Time Formations in the Novels of Sonallah Ibrahim: An Analytical Study

Document Type : Brief summaries of Dissertations.

Author

Department of Arabic Language, Faculty of Arts, Aswan University,

Abstract

Sonallah Ibrahim is considered one of the pioneers of the Egyptian Arabic novel in the 1960s. While narrating his fiction, he relied on documentation, citation, and sarcastic language. He is one of the novelists who portrayed reality with extreme frankness and unprecedented audacity, thanks to his culture, erudition, knowledge of foreign languages, and the spirit of patriotism that has been known about him since his youth.

One of the major concerns of Arab and Western critics was the novel's treatment of time. Therefore, the novelist cares about the structure of time in the novel as much as he desires the success of his literary work. The writer is regarded as one of the people most affected by time, and thus time appeared in Sonallah Ibrahim's novels, conveying his sense of history and politics, tying the past to the present, and his vision for the future.
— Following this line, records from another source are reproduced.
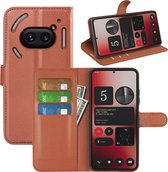 Nothing Phone (2a) Hoesje - MobyDefend Kunstleren Wallet Book Case (Sluiting Voorkant) - Bruin - GSM Hoesje - Telefoonhoesje Geschikt Voor Nothing Phone (2a)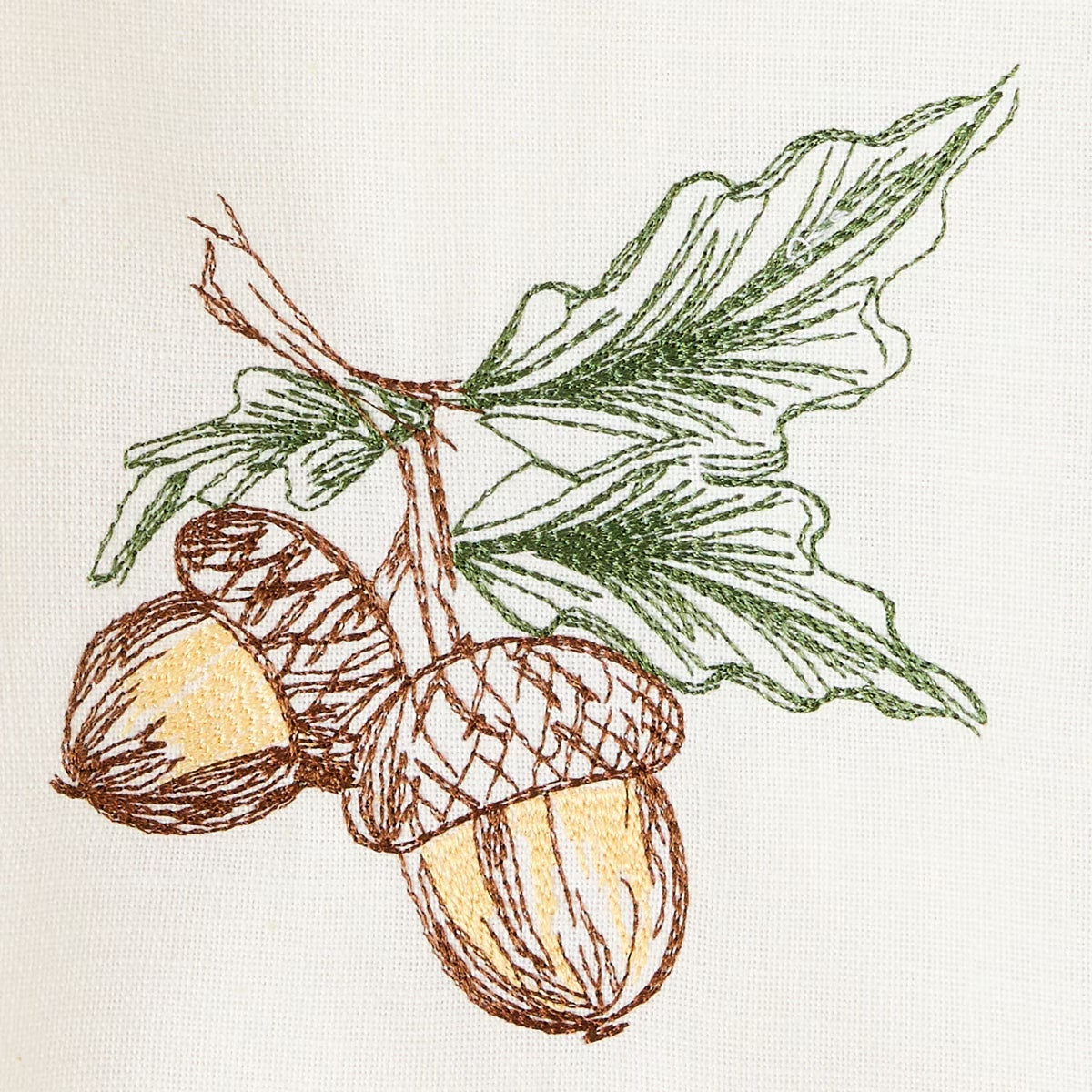 Acorns Embroidered Dishtowel Set of 2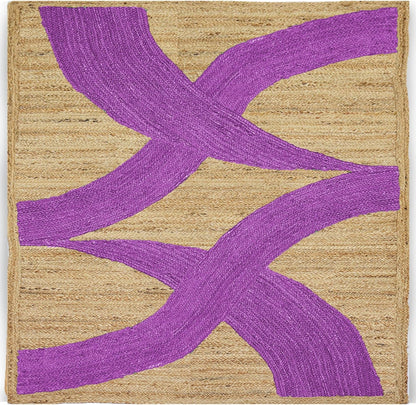 Premium Quality Jute Rug 4x6 Feet Area Rug Natural Fiber Jute Rugs Thick 0.27" Black Abstract Pattern Geometric Rugs for Kids Room, Living Room, Yoga Mat, Indoor Outdoor Carpet - Colors A
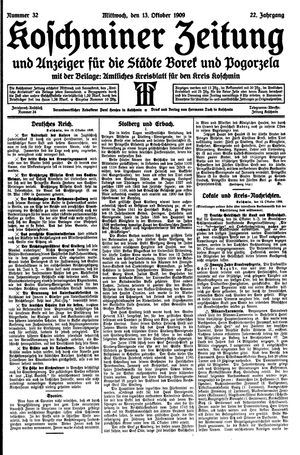 Koschminer Zeitung und Anzeiger für die Städte Borek und Pogorzela vom 13.10.1909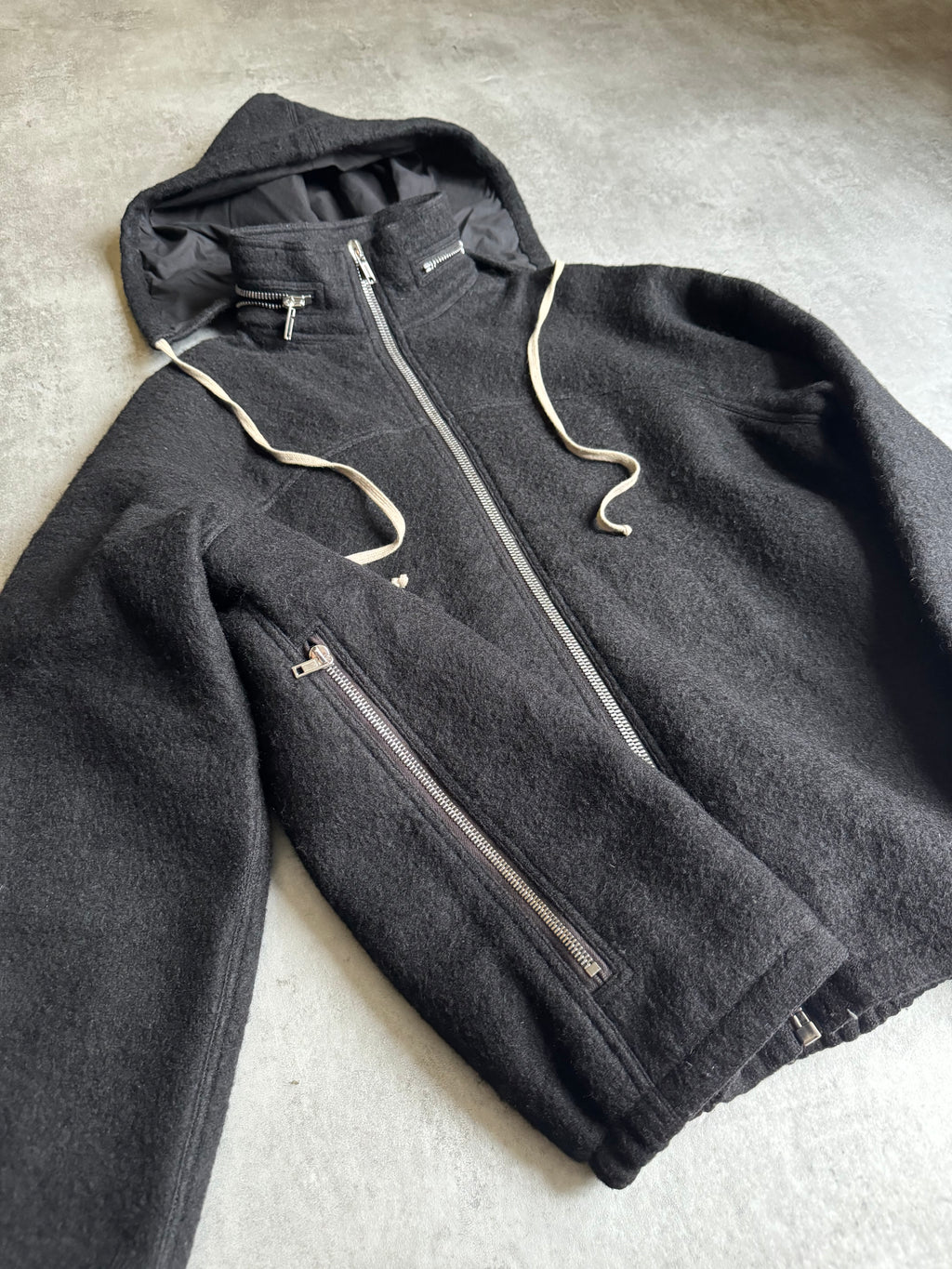 AW2018 Rick Owens Sisyphus Boiled Wool Parka Jacket  (M) - 6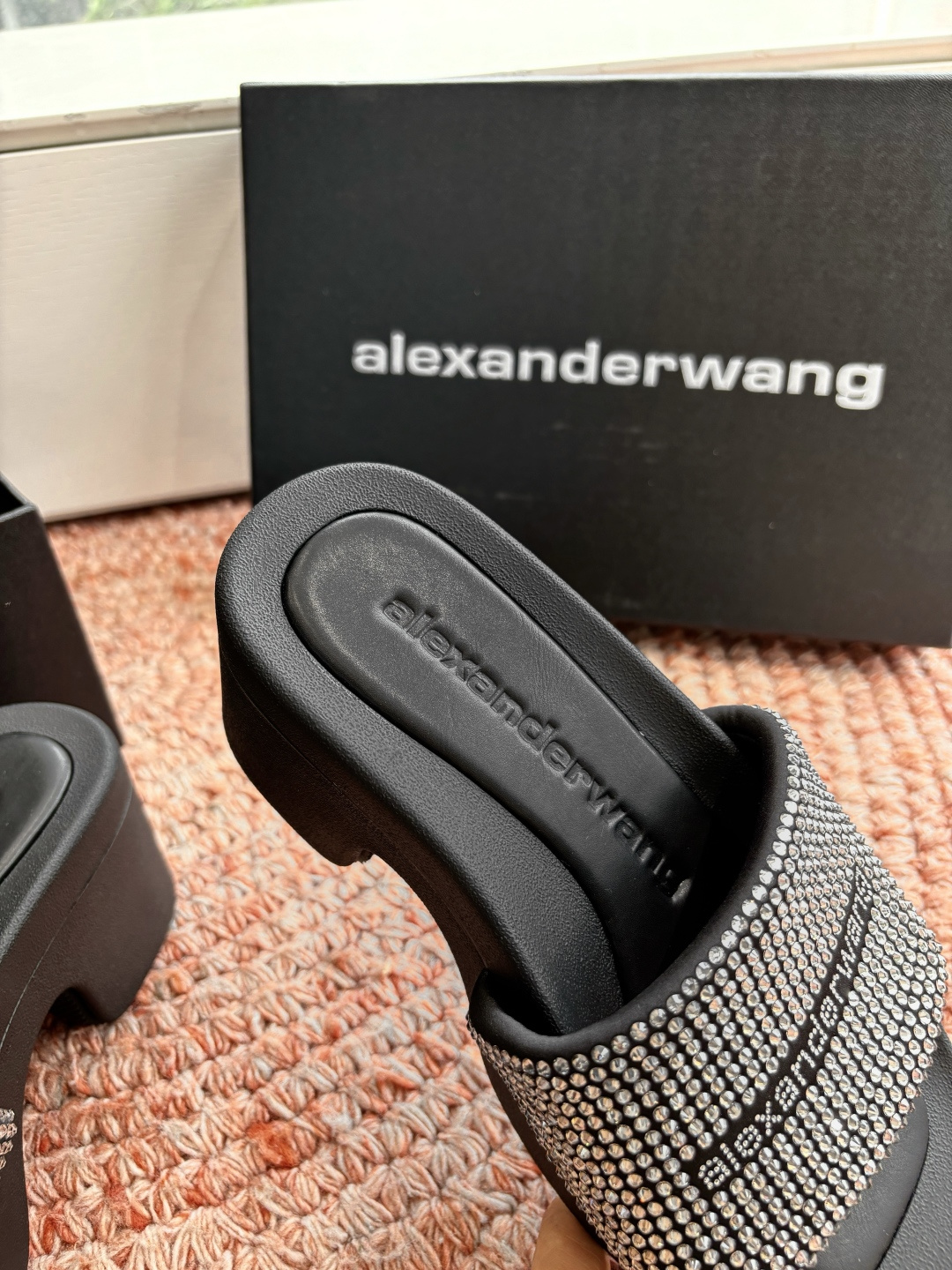 🌾G013顶级品质Alexander Wang aw carter亚历山大王 烫钻 拖鞋Jennie 大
Sonallah relied on narrative paradox of time formations in his novels through flashback and anticipation techniques. Accordingly, the narrative movement becomes disparate between speeding up and slowing down the narration. Therefore, he sometimes resorts to jumping the event forward and adopts the technique of summarizing or omitting in order to speed up the narration, and he may need to draw the reader’s attention to a significant matter, so he works to slow down the movement of the narration through the scene or pause techniques, especially the descriptive pause.